Lo scorso anno, in una classe prima, un’alunna mi ha chiesto di andare in bagno: lamentava dolore al pancino. Trascorsi alcuni minuti sono uscito dalla classe per capire se stesse bene e l’ho vista parlare allo smartwatch (un telefono integrato in un orologio) della sorellina piú grande: avevano chiamato la mamma perché, in caso di un problema qualsiasi, la mamma aveva richiesto alle bimbe di essere avvertita telefonicamente. La mamma non ha detto alle bimbe di avvertire gli insegnanti: ha semplicemente comu­nicato loro di mettersi in contatto con lei attraverso il telefonino segreto.

 

Il male al pancino è il disturbo classico con cui matura il senso della vita nel bambino. Il bambino impara, proprio in questo periodo, ad avere coscienza delle sensazioni trasmesse dagli organi interni. La scienza chiama questo complesso di sensazioni cenestesi o senso viscerale. Rudolf Steiner chiama questo complesso di sensazioni (a cui aggiunge altri aspetti animici e spirituali) senso della vita.

 

Cosa succede se il bambino invece di venir tranquillizzato venisse allarmato? Questo dialogo con gli organi interni verrebbe percepito come un allarme continuo, produrremmo angoscia: gli onni­presenti adulti diverrebbero i soli mediatori dei due mondi (sensoriale e percettivo) del bambino.

 

Richiesta di attenzione: «Mamma, mi guardi?»

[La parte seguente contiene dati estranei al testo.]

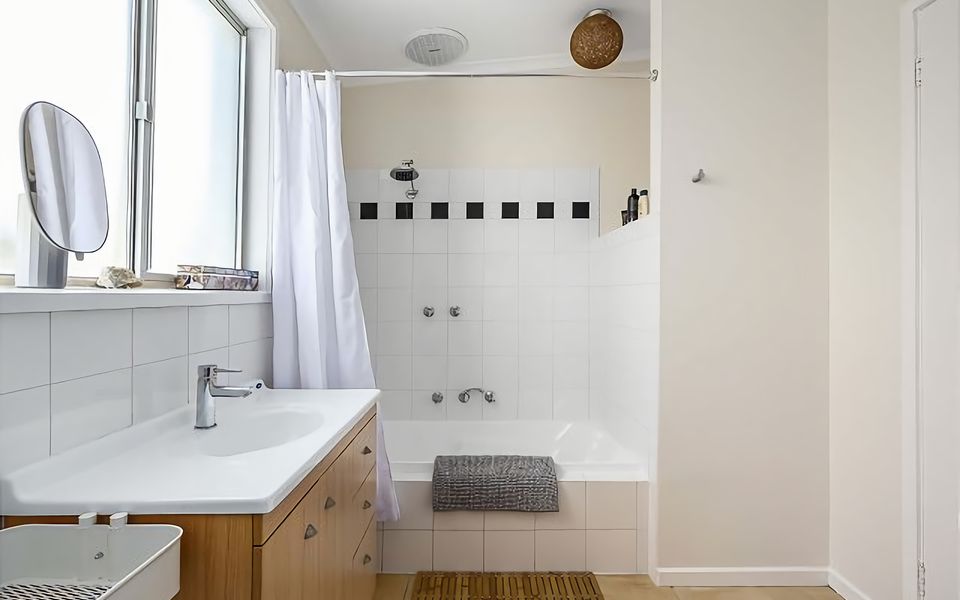 Bathroom with bath, shower and basin.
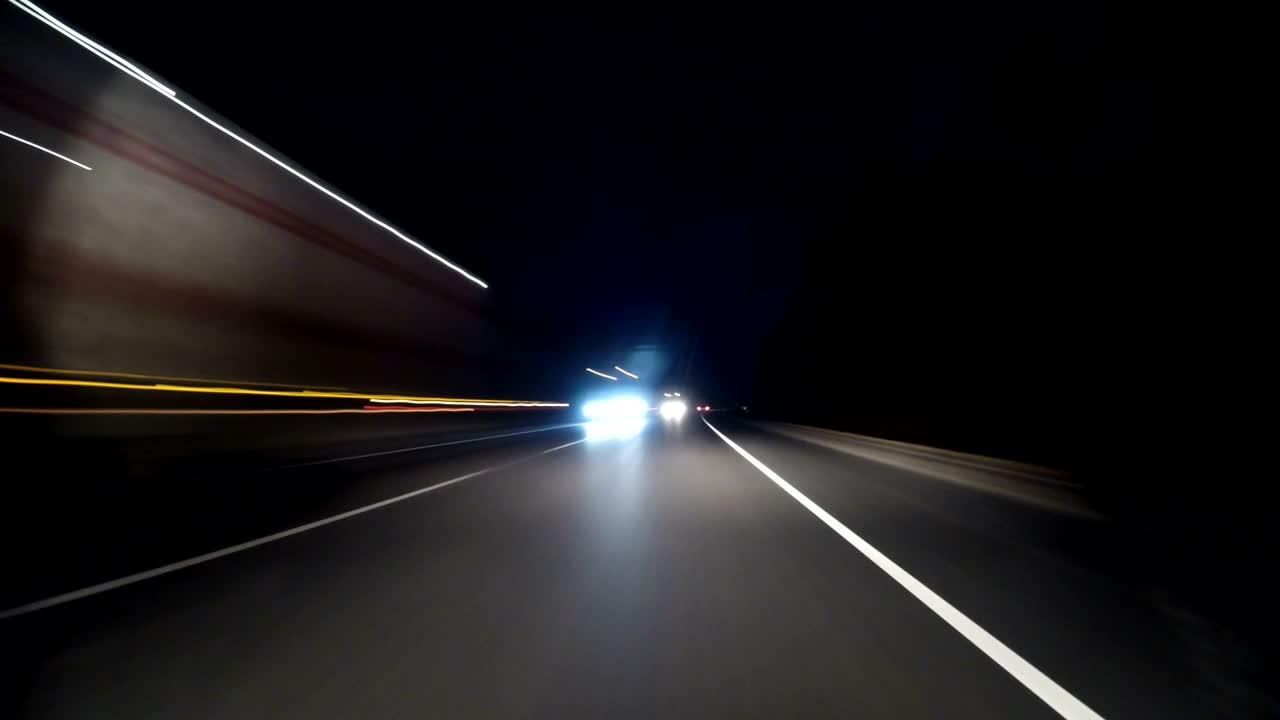 POV timelapse fast car drive old countryroad at night. Flow of oncoming trucks. Drive pov old road timelapse/hyperlapse night. Pov night driving hyperlapse at highway passing a series of tunnels. Camera is placed outside vehicle and level is horizontal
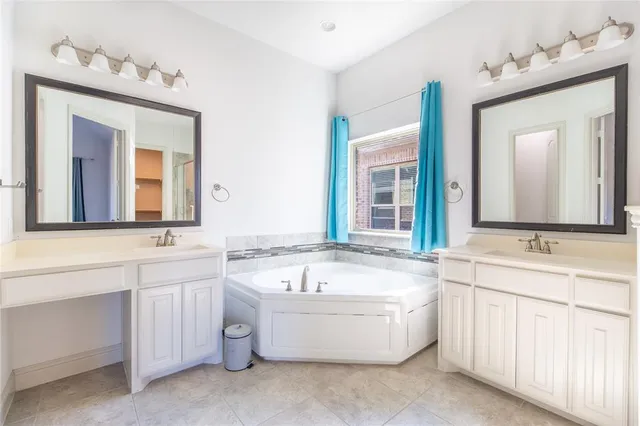 a bathroom with a bathtub a double vanity sink and mirror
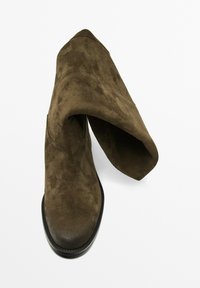 Bottines en daim vert olive foncé avec une texture douce, bout pointu et design de revers ; semelle noire avec détails de couture.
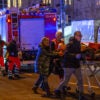 Ambulance crews ferry the injured on stretchers away after a terrorist attack on Dec. 20 in Magdeburg, Germany.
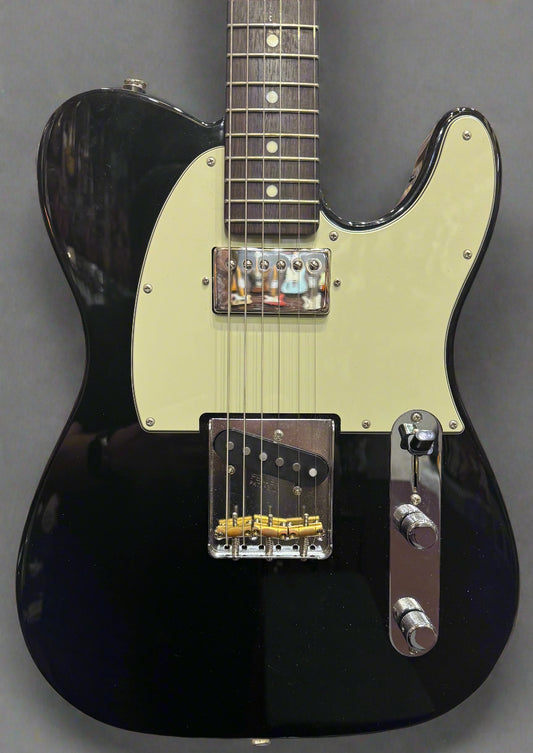 Black electric guitar with cream pickguard on a stand against a brick wall background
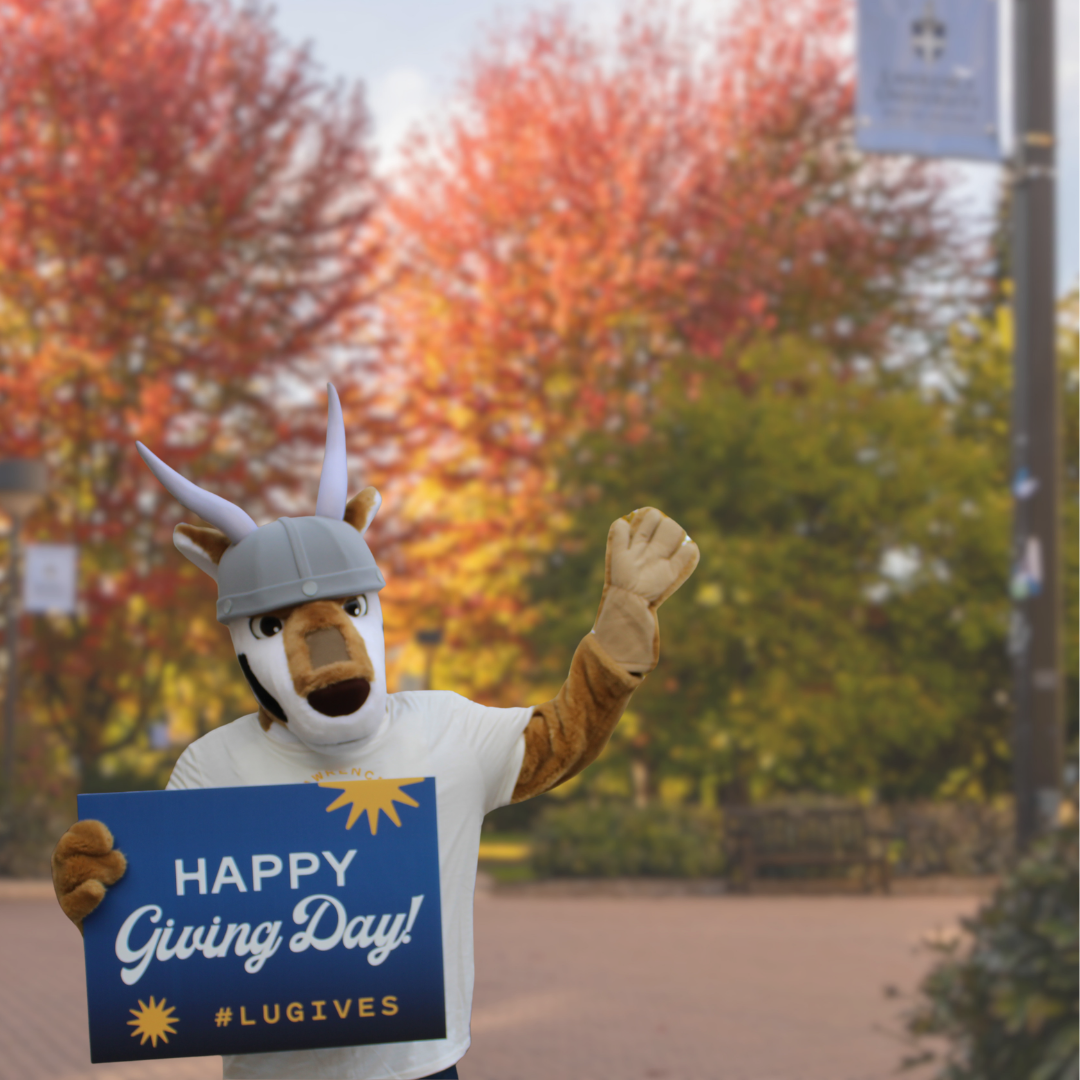 A university mascot wearing a Viking helmet holds a sign that reads HAPPY Giving Day! #LUGIVES and waves.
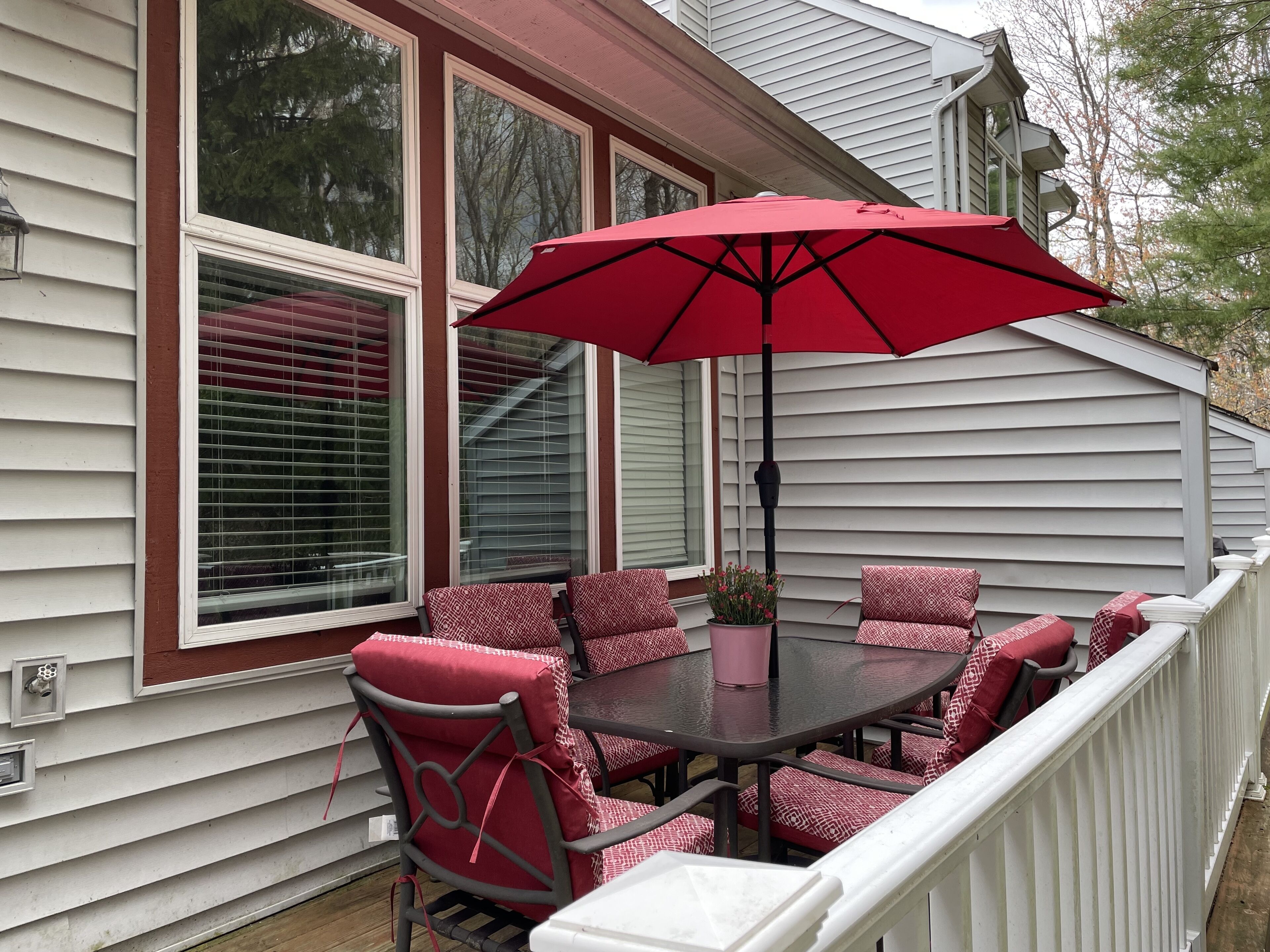 A covered outdoor seating area with a table and chairs, a red umbrella, and a potted plant.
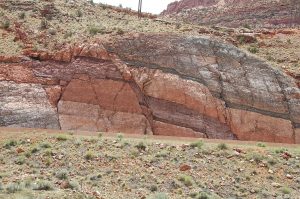 Roadcut outcrop of multicolor rock beds offset by a normal fault.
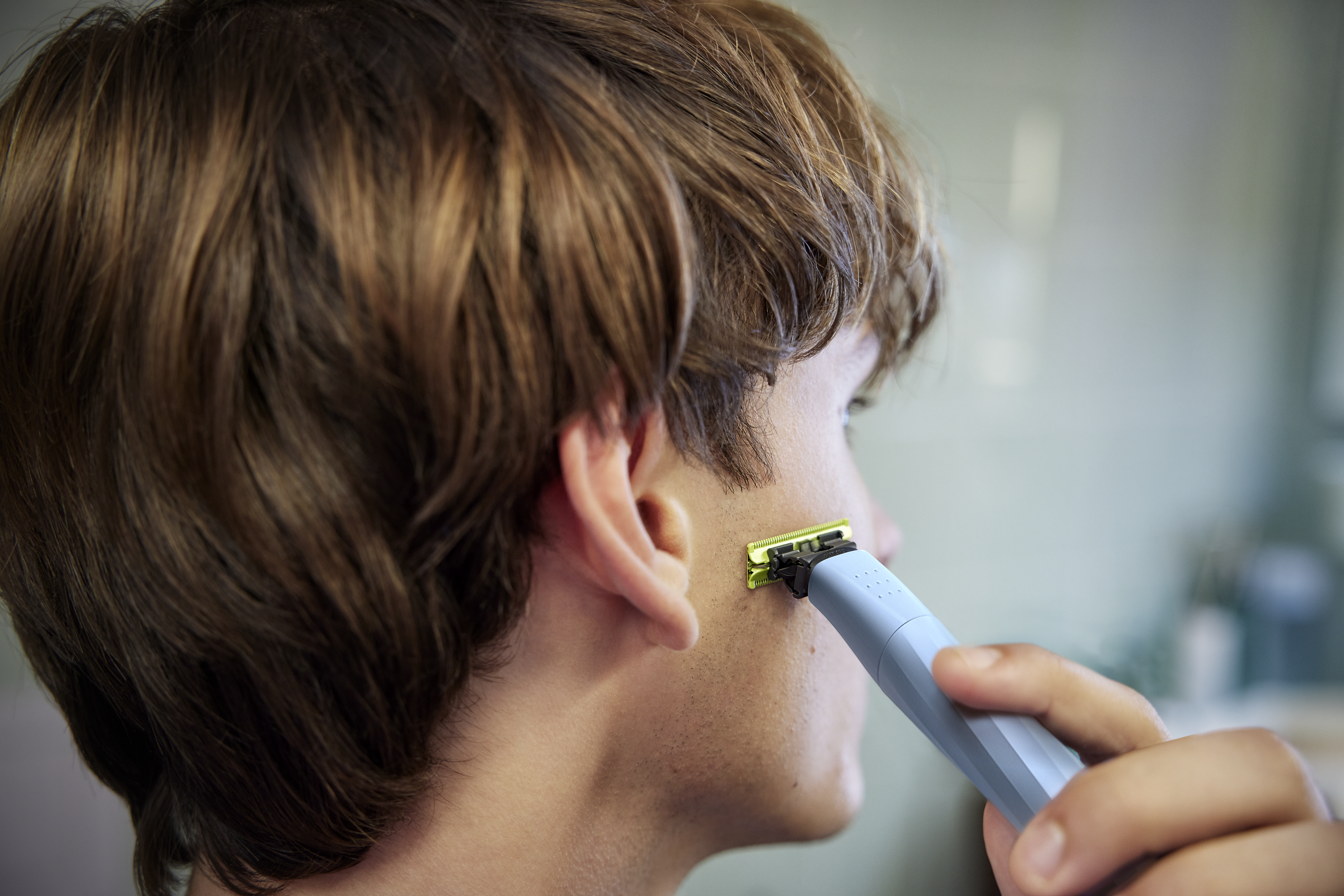 Un giovane distoglie lo sguardo dalla telecamera mentre si rade le basette con un Philips OneBlade.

Richiesta di attenzione: «Mamma, mi guardi?»

 

Lasciare libero il bambino implica un grande investimento di tempo e di energie da parte dei genitori e degli educatori. Se volessi permettere al bimbo piccolo di esplorare in autonomia uno spazio dovrei curare quello spazio: dovrei liberarlo dagli oggetti potenzialmente pericolosi, dovrei scegliere quali oggetti introdurre e quali no (ad esem­pio: legno o plastica?). Avrei bisogno di tempo e dovrei esser presente a me stesso e al pic­colo: non dovrei fare lo zombie che guarda il telefonino mentre mio figlio gioca al parco: questa è una declinazione dell’abbandono! Il bambino vuole godere della nostra attenzione: questo fa parte del gioco.

 

Se da una parte l’angoscia degli adulti (geni­tori, insegnanti, zii, catechisti…) ricade col­pevolmente sui bambini camuffata da premure eccessive (zelo, scrupolo, controllo, sicurezza), dobbiamo pur riconoscere che la loro autonomia (il terzo peccato mortale della pedagogia) viene inibita perché non si ha né tempo né spazio da dedicare loro. Meglio legare al guinzaglio piuttosto che farsi sostegno dei loro inciampi, meglio un box con quattro giochini dentro piuttosto che permettere al bambino di esplorare lo spazio circostante, meglio uno spazio giochi asettico in cui il bambino non potrà farsi neppure un graffio ma dove non svilupperà mai il senso di com­passione per l’altro.

 

caduta dal triciclo

 

È solo dopo aver conosciuto il mistero del dolore (il dolore per un’ingiustizia subita, per un ginocchio sbucciato, per una caduta dal triciclo, o dalla bici) che si potrà avere compassione per l’altro. Non può esistere una vera comprensione altrui senza questa capacità di con-muoverci, di muoverci inte­riormente insieme all’altro, di essere parte­cipi del suo movimento.

 

Il bambino al guinzaglio non fa esperienza del proprio movimento, imbrigliato com’è da un arnese che lo sopraffà e lo costringe, non può com­piere l’esperienza della separazione e riceve l’implicita attestazione di sfiducia (secondo peccato mortale della pedagogia) verso un movimento che non può compiere se non imbrigliato come un puledro o al guinzaglio come un cane.